Contenuto principale

Train Discrete Soft Actor Critic Agent for Lander Vehicle

This example shows how to train a discrete soft actor critic (DSAC) agent with a discrete action space to land an airborne vehicle on the ground. For more information on DSAC agents, see Soft Actor-Critic (SAC) Agent.

Overview

The soft actor critic (SAC) is a stochastic off-policy reinforcement learning algorithm [1] and [2]. Since SAC is an off-policy algorithm, it can learn from the data stored over the episodes, which results in better sample efficiency and robustness. In this example, you train a SAC agent with discrete action space to solve a challenging lander environment. For more details on the lander environment, see Train PPO Agent for a Lander Vehicle.

Fix Random Number Stream for Reproducibility

The example code might involve computation of random numbers at various stages. Fixing the random number stream at the beginning of various sections in the example code preserves the random number sequence in the section every time you run it, and increases the likelihood of reproducing the results. For more information, see Results Reproducibility. Fix the random number stream with a seed 0, using the Mersenne Twister random number algorithm. For more information on controlling the seed used for random number generation, see rng.

previousRngState = rng(0,"twister")
previousRngState = struct with fields:
     Type: 'twister'
     Seed: 0
    State: [625×1 uint32]

The output previousRngState is a structure that contains information about the previous state of the stream. You will restore the state at the end of the example.

Create Environment Object

Create the environment object using the LanderVehicle class provided in the example folder.

env = LanderVehicle
env = 
  LanderVehicle with properties:

                Mass: 1
                  L1: 10
                  L2: 5
             Gravity: 9.8060
        ThrustLimits: [0 8.5000]
                  Ts: 0.1000
               State: [6×1 double]
          LastAction: [2×1 double]
         LastShaping: 0
    DistanceIntegral: 0
    VelocityIntegral: 0
           TimeCount: 0

Get the observation and action specifications for the environment.

obsInfo = getObservationInfo(env);
actInfo = getActionInfo(env);

Create Discrete SAC Agent

Fix the random stream for reproducibility.

rng(0,"twister");

Discrete SAC agents use one or two vector Q-value function critics. This example uses two critics to mitigate overestimation in the critic target.

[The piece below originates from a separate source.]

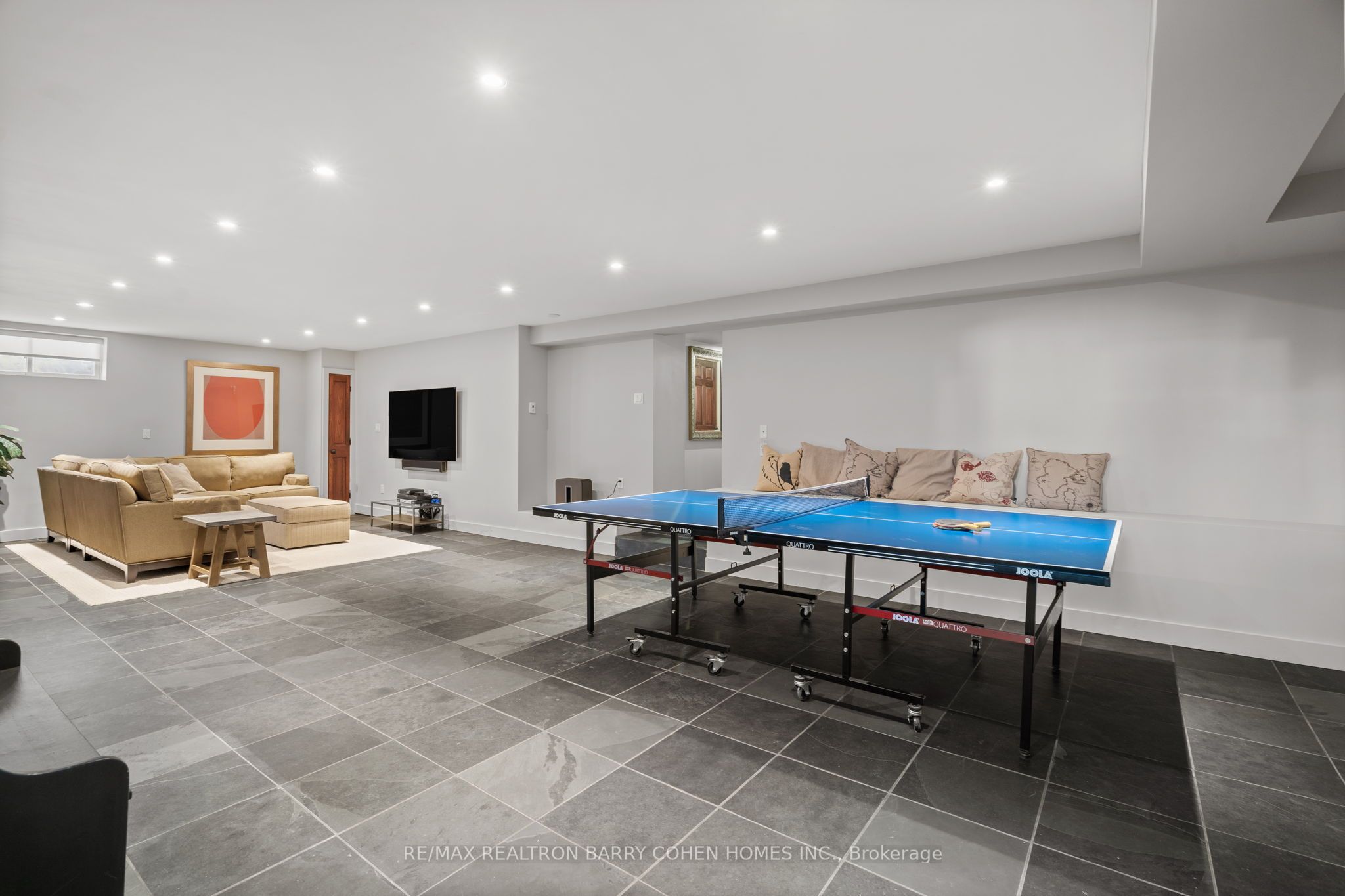 72 Teddington Park Avenue Property Photo 31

A discrete vector Q-value function takes only the observation as input and returns as output a single vector with as many elements as the number of possible discrete actions. The value of each output element represents the expected discounted cumulative long-term reward for taking the action corresponding to the element number, from the state corresponding to the current observation, and following the policy afterwards.

To model the parameterized vector Q-value function within the critics, use a neural network with one input layer (receiving the content of the observation channel, as specified by obsInfo) and one output layer (returning the vector of values for all the possible actions, as specified by actInfo).

Define the network for the critics as an array of layer objects. Note that numel(actInfo.Elements) returns the number of elements of the discrete action space.

hiddenLayerSize_Critic = [400, 300];
criticNetLayers = [  
    featureInputLayer(obsInfo.Dimension(1))
    fullyConnectedLayer(hiddenLayerSize_Critic(1))
    reluLayer
    fullyConnectedLayer(hiddenLayerSize_Critic(2))
    reluLayer
    fullyConnectedLayer(numel(actInfo.Elements)) 
    ];

Create the dlnetwork object criticNet1 and display the number of weights.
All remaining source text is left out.